> Problem details: For the records below, please print exactly and only the lines from the one with "Libbey Green Cactus" down to the one with "Antique Oxidized Golden", both ends included, omitting the pictures.

> Data to examine:
# # # #

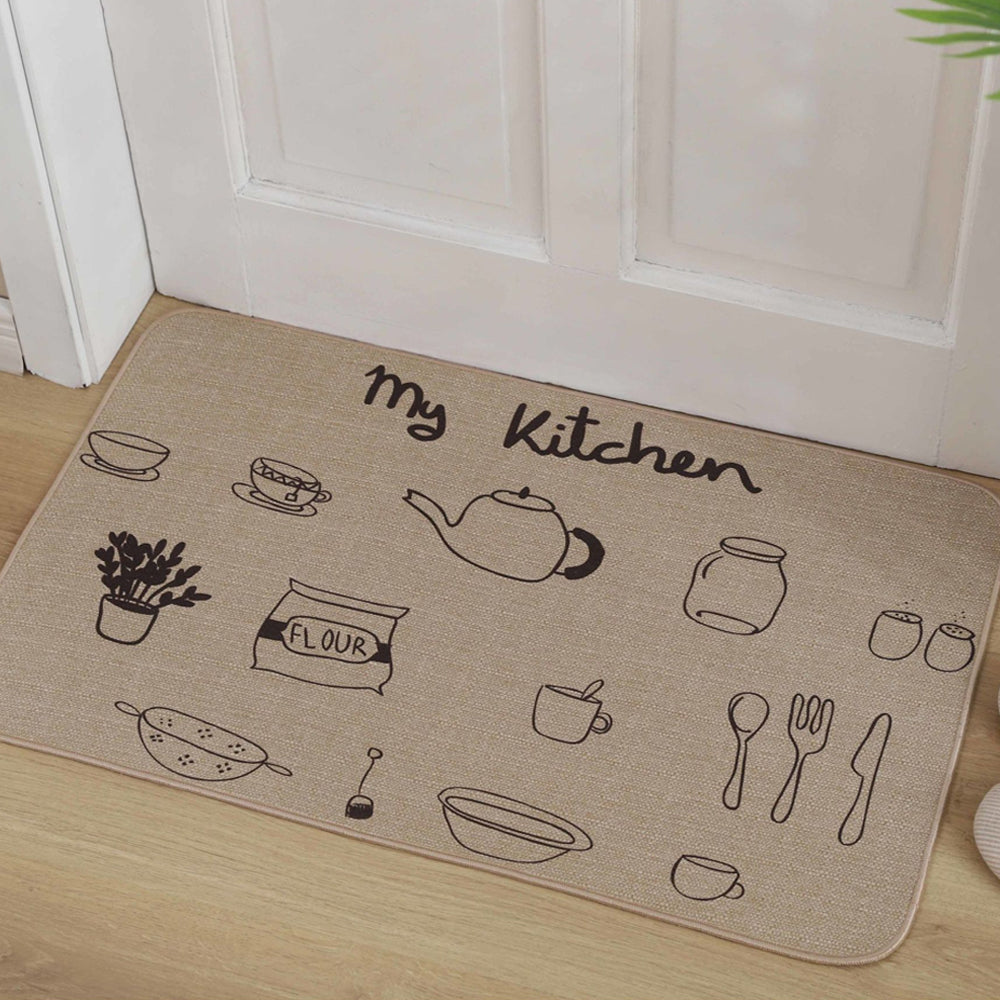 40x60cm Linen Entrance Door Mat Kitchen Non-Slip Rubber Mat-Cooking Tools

# # # #

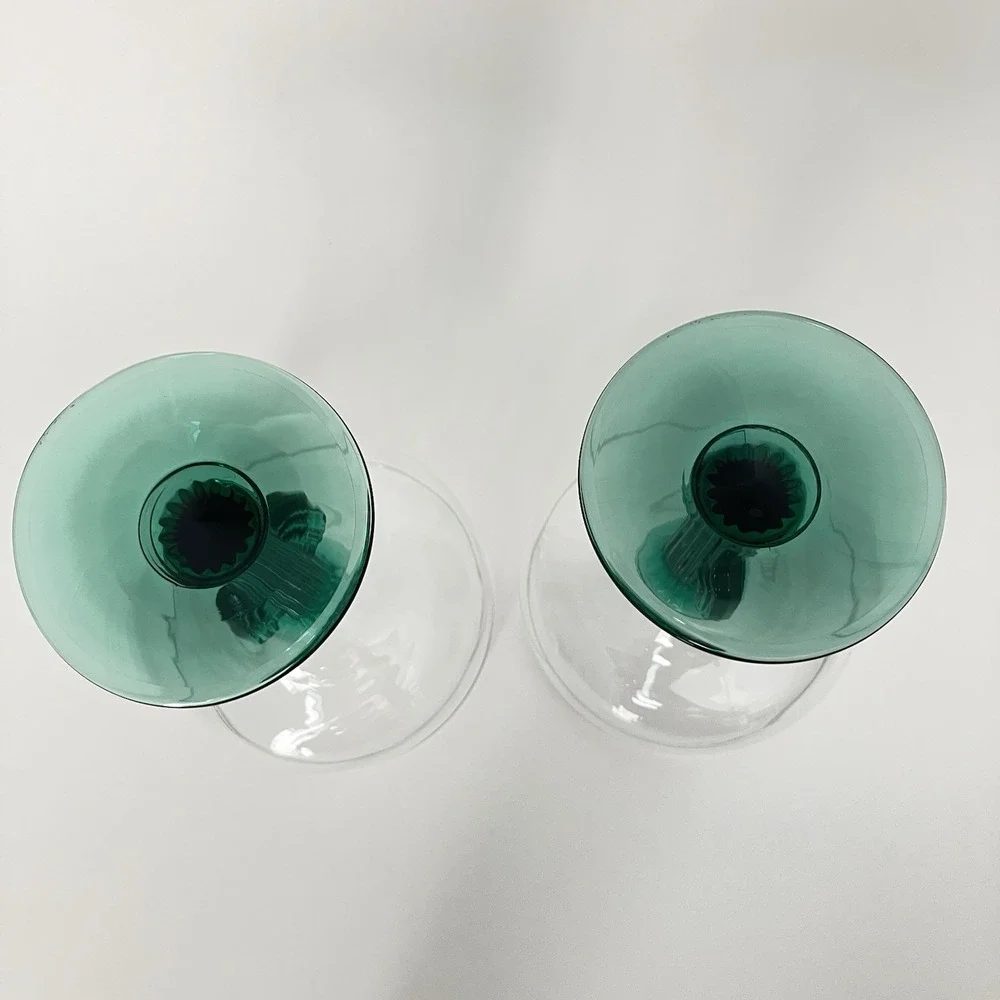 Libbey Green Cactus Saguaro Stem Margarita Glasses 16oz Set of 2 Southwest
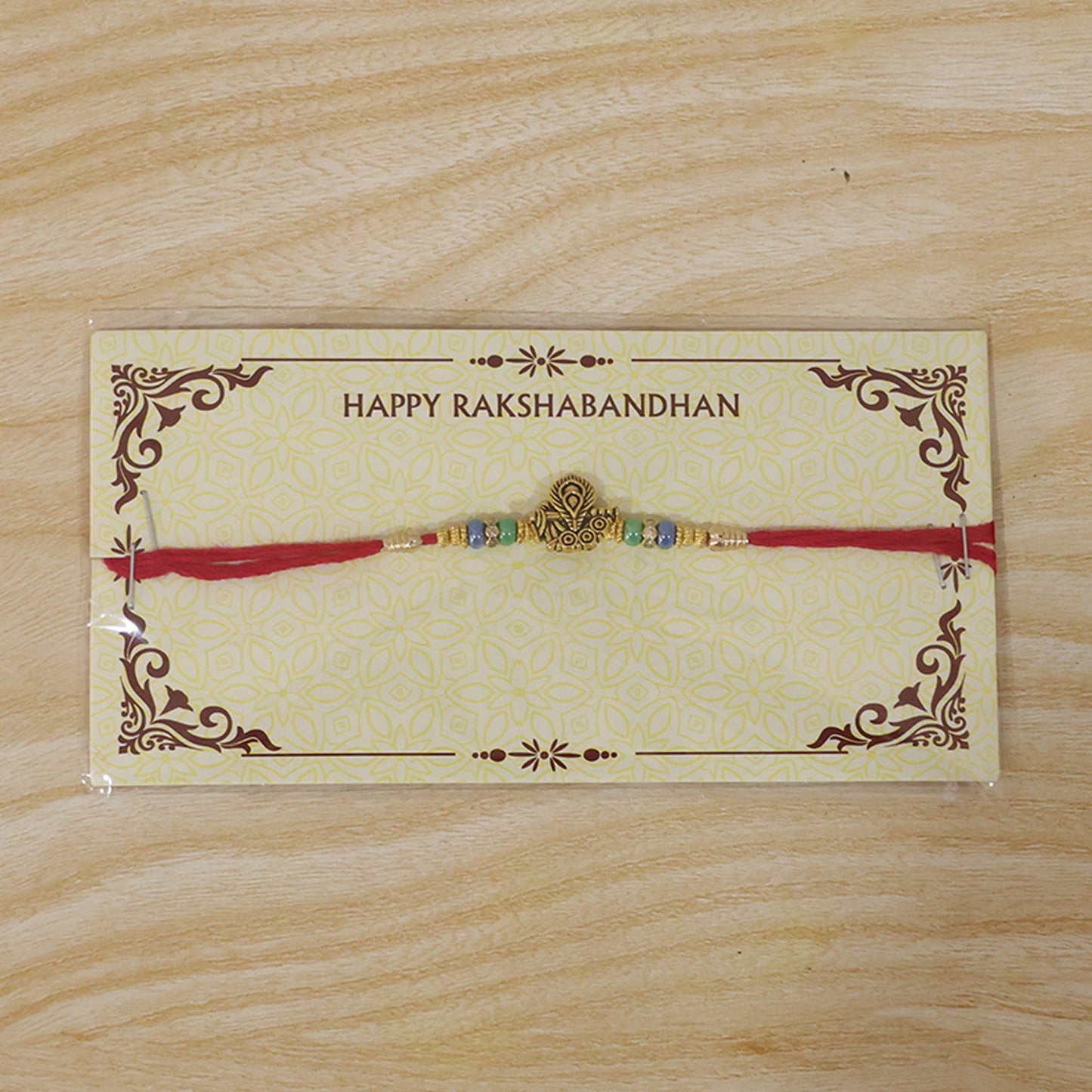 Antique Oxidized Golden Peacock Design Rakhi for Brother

# # # #

> Result:
 Libbey Green Cactus Saguaro Stem Margarita Glasses 16oz Set of 2 Southwest
 Antique Oxidized Golden Peacock Design Rakhi for Brother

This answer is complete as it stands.